Trabalhar com aquilo que nos toca afetivamente é complicado. Ganhar dinheiro em cima do que nos emociona é difícil. E o contrário também: nos envolver com o que nos sustenta é fogo! É como uma prostituta que se apaixona pelo cliente. É assim que me sinto, pela minha relação de servidão, paixão e dependência com a fotografia. Eu choro nos casamentos que fotografo. Eu acompanho as crianças cujas mães grávidas fotografei. Mas fico naturalmente revoltada quando demoram a me pagar.
Eu gosto de conhecer pessoas e de criar memórias visuais (mesmo que forjadas) de seus momentos felizes – e isso renderia um novo #diálogo. Já fiz ensaios em que a cliente grávida me mostrou uma série de fotos que ela queria que eu simplesmente as copiasse iguaiszinhas. Como fotógrafa, me sinto péssima de não criar as imagens ao meu gosto e ainda de “plagiar” alguns colegas por aí (apesar de achar as fotos horríveis!). Mas também como fotógrafa me sinto ótima de poder dar àquela pessoa o produto com que ela sonha, deseja, que ela quer. Gosto de sair dali com dinheiro, mas gosto também de sair dali com a energia boa de uma mãe que vai dar à luz uma criança e está ansiosa. E quanto cobrar por esse trabalho/prazer? Por horas fotografando e tratando imagens? Vale considerar o quanto ela pode me pagar? Vale considerar o quanto o mercado tem cobrado por esse tipo de serviço? Vale considerar o quanto preciso para pagar as minhas contas mensais? Acho que vale tudo. Mas acima de tudo, vale pensar sobre esses assuntos. Vale dedicar um tempo a refletir antes de decidir. Vale ponderar, ser sensato, ser justo (consigo, com o mercado e com o cliente). Vale se questionar sobre seu próprio esquema e, além de criticar, também considerar/respeitar os esquemas dos outros. Qual é o limite? É uma questão ética? Será que não há espaço para todos os esquemas? Será que todos os esquemas são honestos ao que se propõem?

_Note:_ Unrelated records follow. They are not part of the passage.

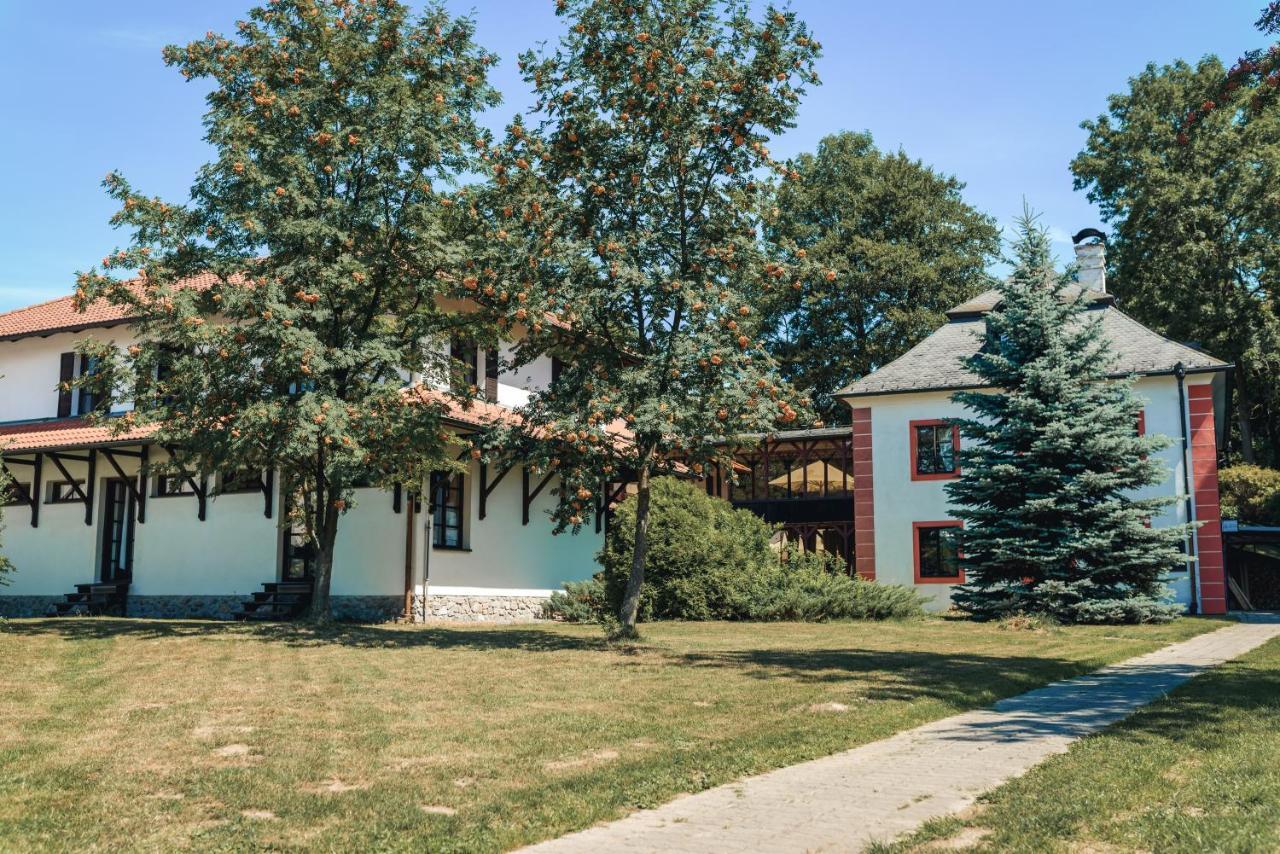 Resort Mlyn Cernovice Cernovice  Zewnętrze zdjęcie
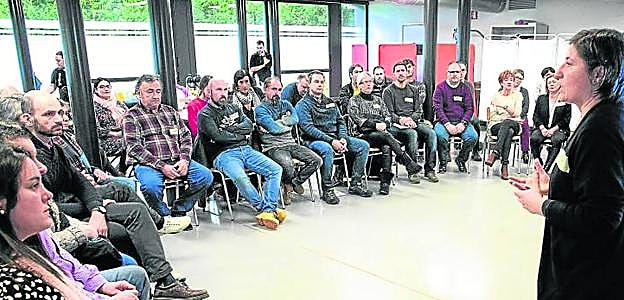Un momento de la reunión celebrada ayer en Zalla para fomentar la innovación y detener el vaciamiento de las zonas rurales.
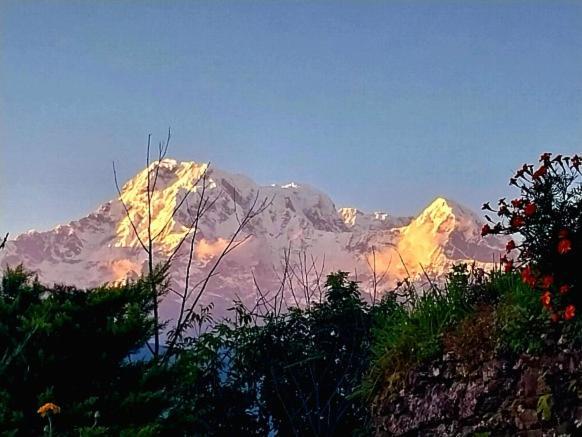 Himalayan Deurali Resort Pokhara Kültér fotó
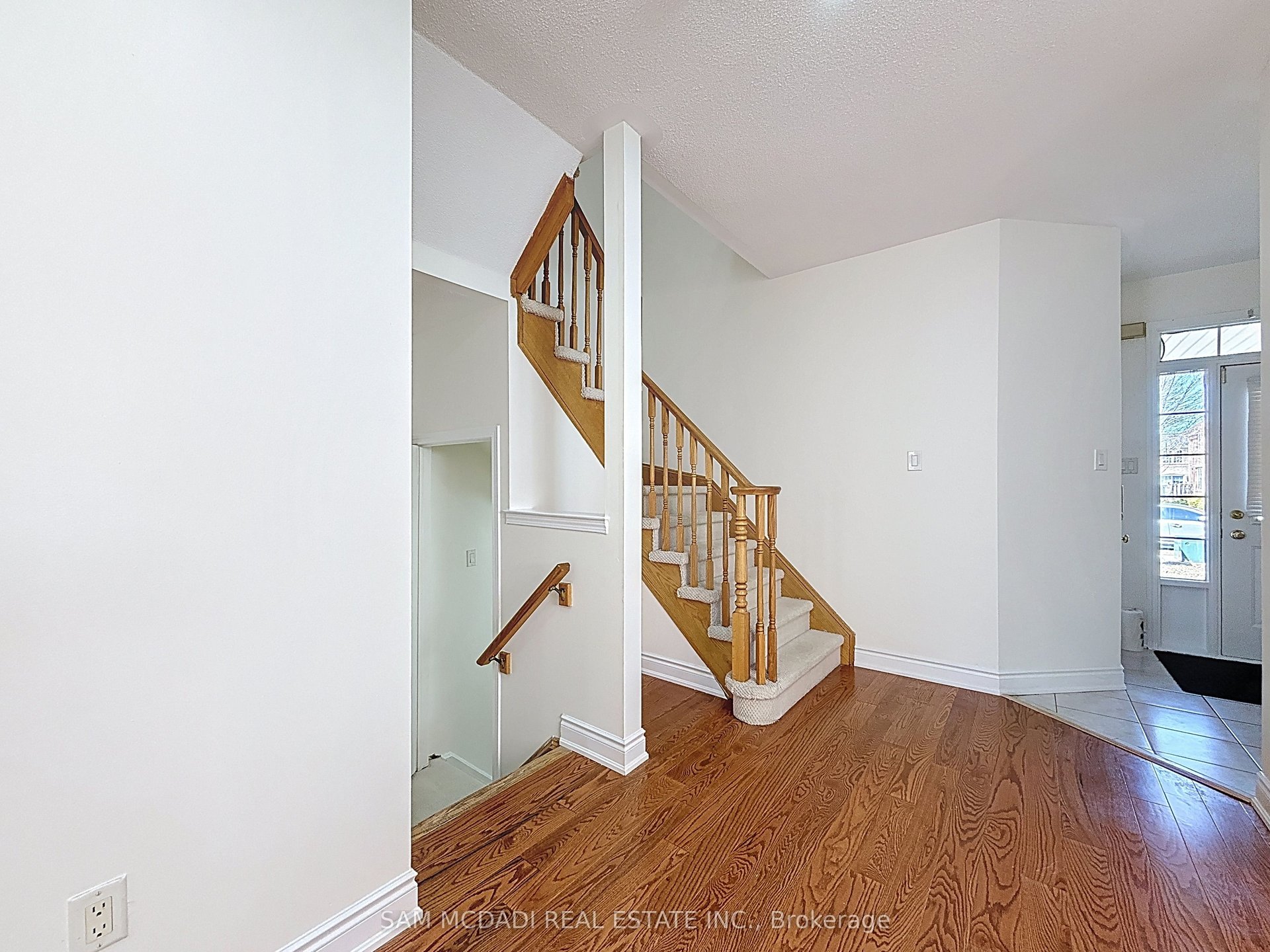 1354 Weir Chase 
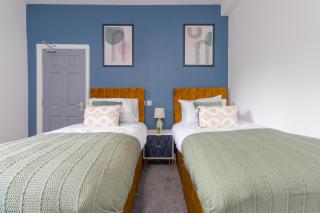 7BR, 7 En-suite, Free Parking, WiFi , Sleeps 14 - 7
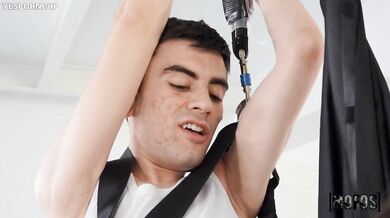 Sexy Office Worker Seduces Handyman Jordi!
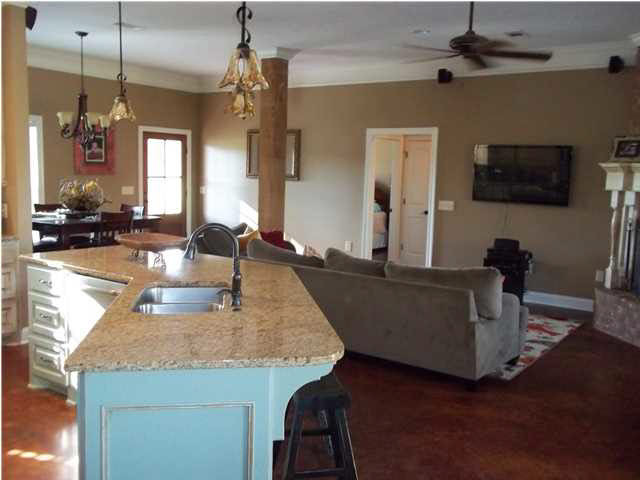 166 H Dear Road Harrisville, MS 39082 - Photo 3 of 21 Livingroom
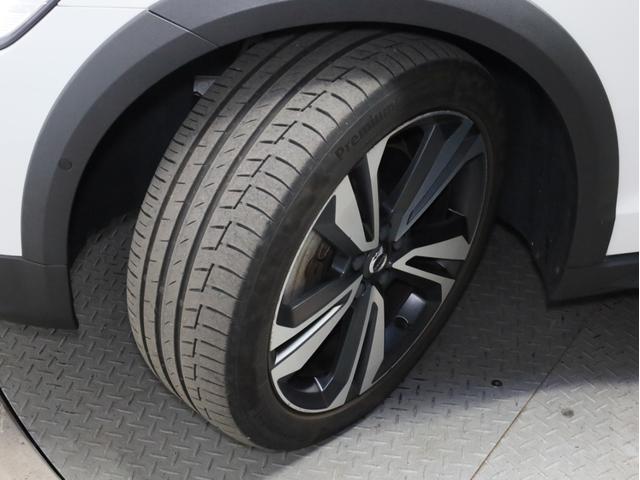 V60 クロスカントリー T5 AWD プロ 禁煙車 白革シート インテリセーフ harman/kardonサウンド 純正ナビフルセグTV 全周囲カメラ 前後コーナーセンサー 前後左右独立調整オートエアコン ハンズフリー電動リアゲート(29枚目)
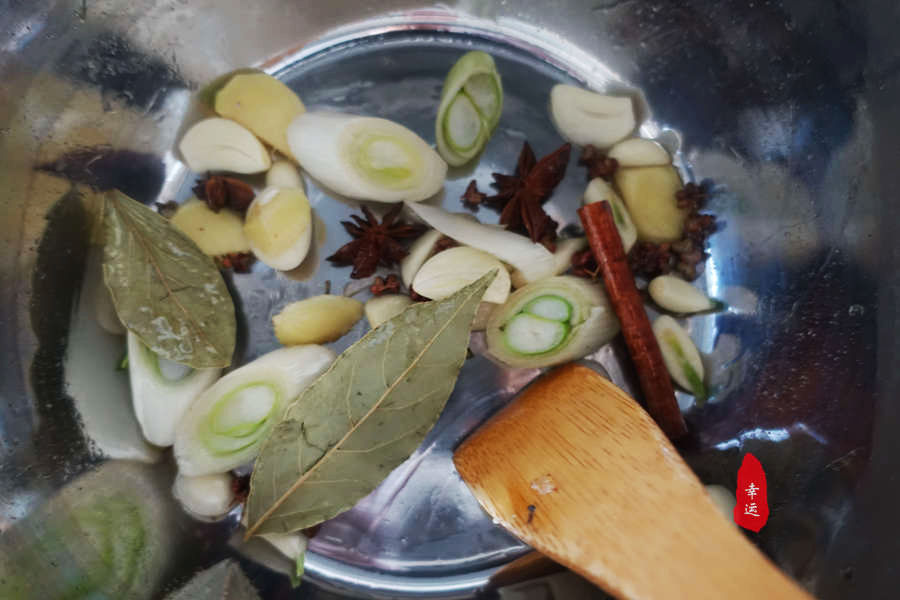 从高压锅中取出完整的酥鱼,真是不容易,它浑身酥软烂要轻拿轻放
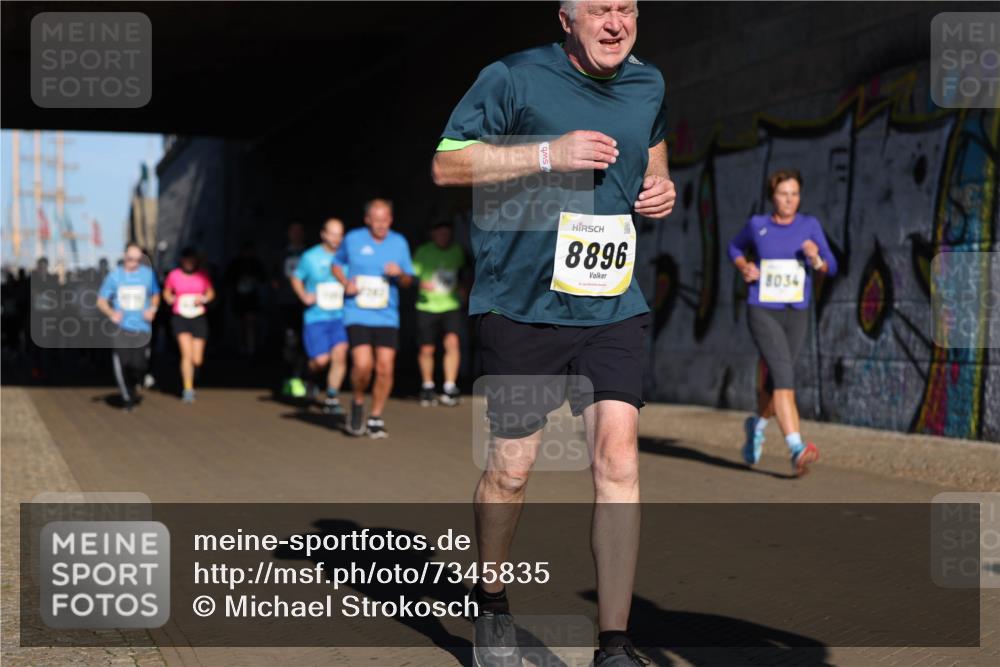 06.10.2024 - 19. swb-Marathon Bremen Michael Strokosch http://msf.ph/oto/7345835 06.10.2024 10:18:36 Laufen 8896, 8034 meine-sportfotos.de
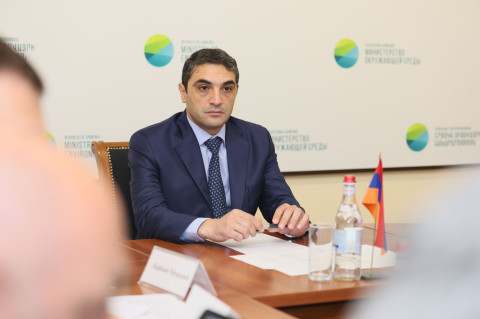 «Սևան» ազգային պարկում սոճու ավելի քան 8000 ծառ ամբողջությամբ չորացել է, ևս 10 000-ը չորացման սպառնալիքի տակ է․ հրատապ քննարկում նախարարի գլխավորությամբ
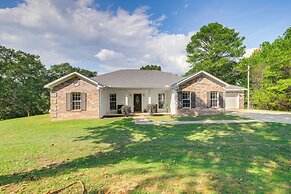 ~ 13 Mi to Ole Miss: Private Family-friendly Home!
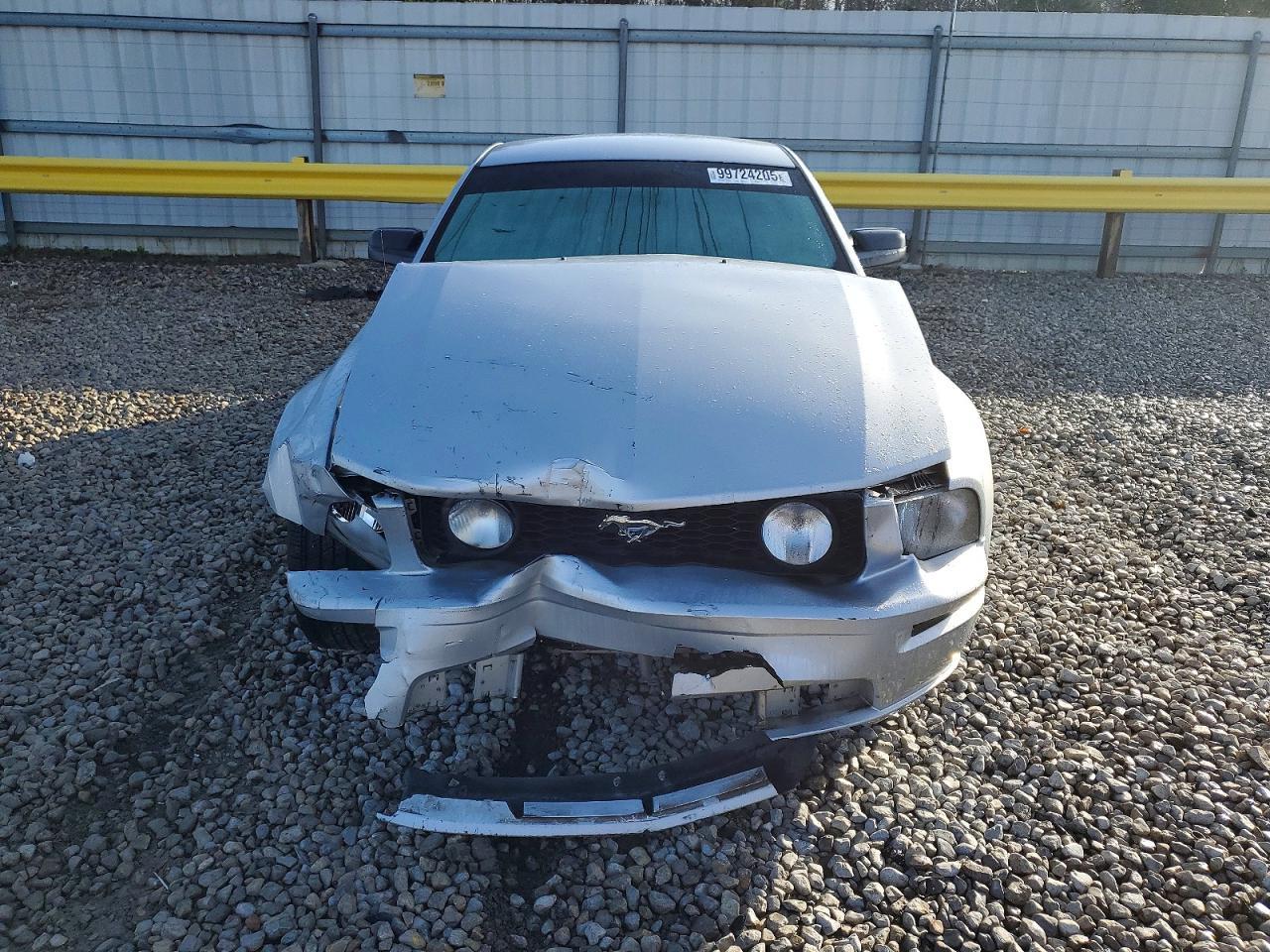 2005 FORD MUSTANG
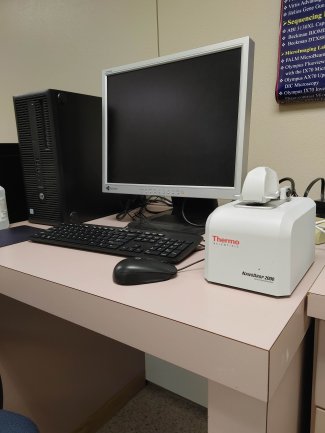Image of Nanodrop2000 spectrophotometer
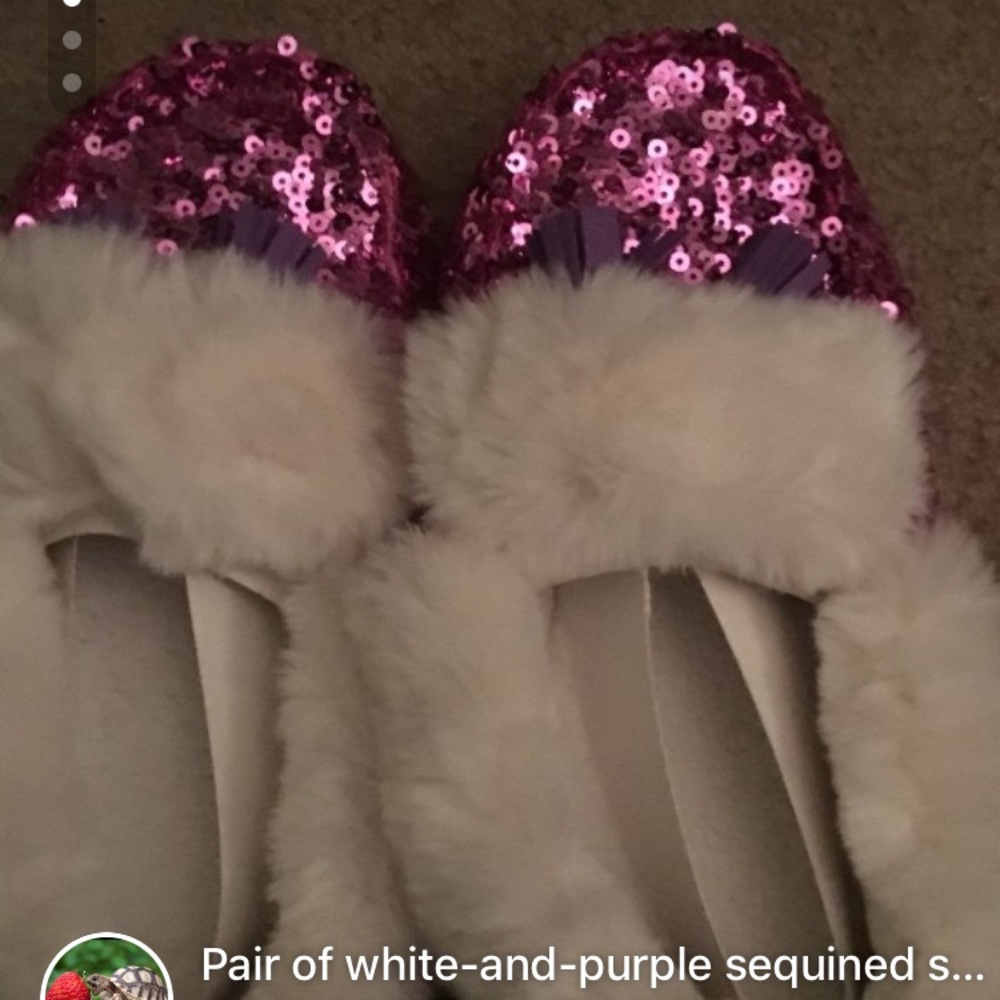 Slippers. Purple and pink sequins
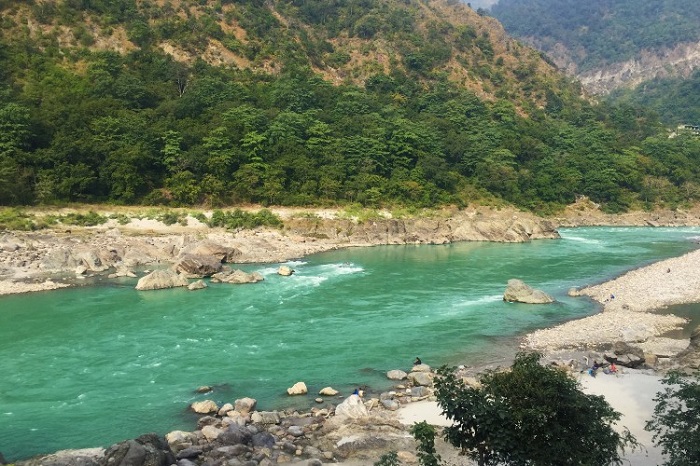 Dòng sông Hằng chảy qua Rishikesh - Kinh nghiệm du lịch Rishikesh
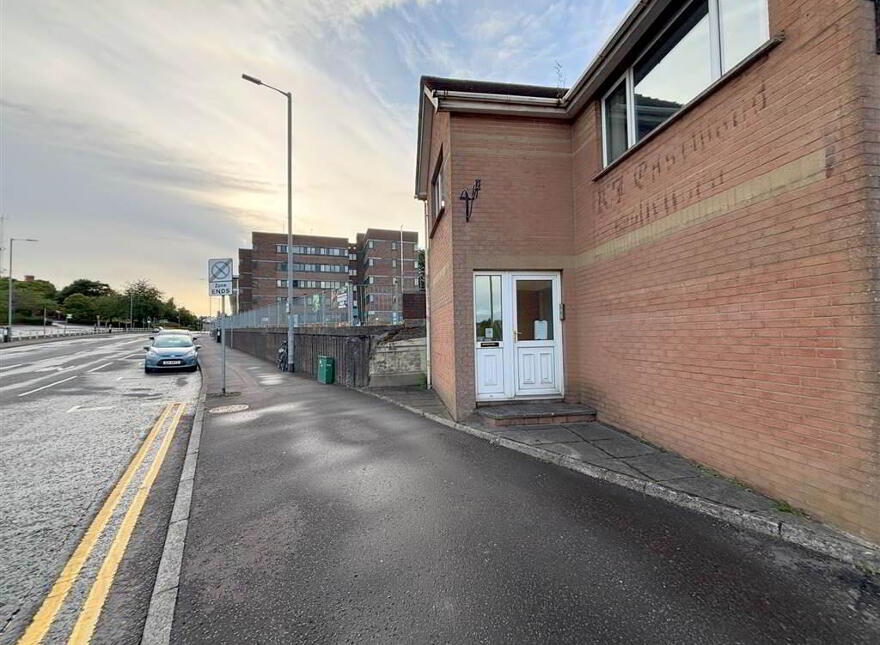 27 Linenhall Street, Lisburn, BT28 1FJ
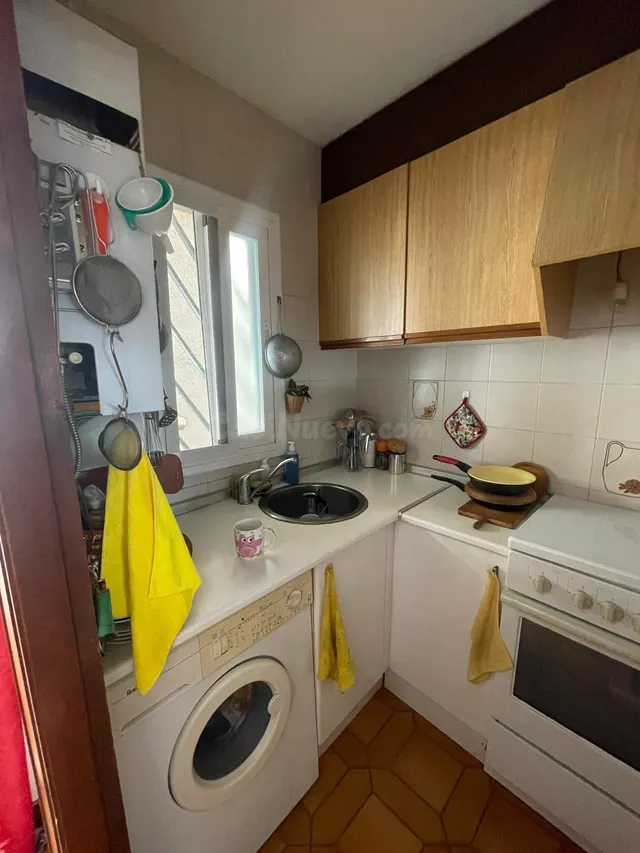 Apartamento con terraza y piscina a solo 25 m de la playa de - foto 5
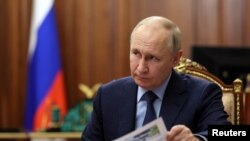 Presiden Rusia Vladimir Putin menghadiri pertemuan dengan CEO perusahaan negara Rostec Sergei Chemezov di Moskow, Rusia, 28 Desember 2023. (Foto: Sputnik/Gavriil Grigorov/Kremlin via REUTERS)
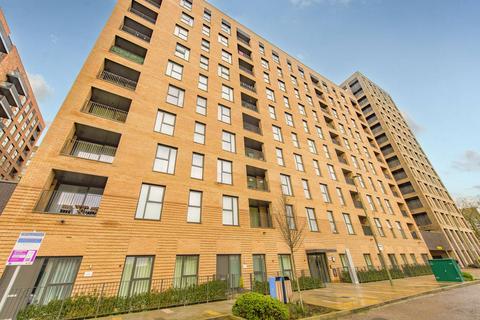 3 bedroom flat for sale, Lismore Boulevard, Colindale, London, NW9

Eis a partilha de um pedacinho das minhas angústias de pessoa que ganha dinheiro com o que ama e que está inserida em um mercado um tanto desregulado, para refletirmos juntos o que merece ser construído, reconstruído e desconstruído na hora de decidir “qual o nosso preço”. Espero provocar debate ou, ao menos, reflexão.
Pingback: #Diálogo 068 – Qual é o seu preço? (via SeteFotografia) | Beto Bertagna a 24 quadros
ótimo texto, sem dúvida “Eu gosto de conhecer pessoas e de criar memórias visuais (mesmo que forjadas) de seus momentos felizes – e isso renderia um novo #diálogo.” renderia um belo texto seu, me identifico com a frase e é isso, qual nosso preço?
abraço 😉
E quem não ganha ainda, mas quer ganhar, e profissionalmente, e é elogiado, estimulado… imagina a angústia!